Science, American legal system confirm barefoot shoes are bullshit - djug
http://www.vox.com/2014/5/9/5695290/science-american-legal-system-confirm-that-barefoot-shoes-are-bullshit
======
kstenerud
No, they didn't confirm that barefoot shoes are "bullshit", only that there's
not enough research to support Vibram's claims, much like there's not much
research to support traditional shoes, the raised heels of which are
descendants from medieval times when heels were used for stability in the
stirrups of a horse, allowing the rider to shoot a bow while in motion (and in
modern times, allow you to appear taller than you really are).

------
JoeAltmaier
Don't wear them, I have no skin in the game.
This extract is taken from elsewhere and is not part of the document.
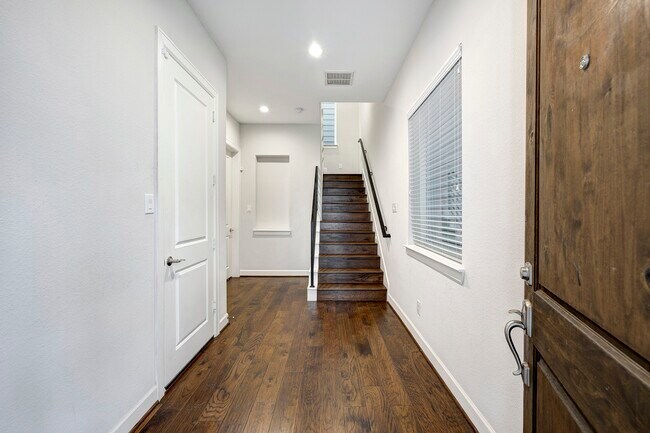 Foto del edificio - 5932 Petty St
But those two movies of runners,
one with shoes and one without, are not convincing. Anybody who hasn't run
barefoot all their life is likely to adopt a conservative, mincing gait.
Doesn't prove anything about the indian tribe referred to. Unless that movie
was of one of them, which I doubt.

------
lauradhamilton
I've run in minimalist shoes (puma H-street, not the five fingers) for years
and significantly prefer the experience to the heavy, inflexible Nike / New
Balance shoes.

I have a forefoot strike though. Wouldn't recommend using "barefoot" /
minimalist shoes if you're a heelstriker.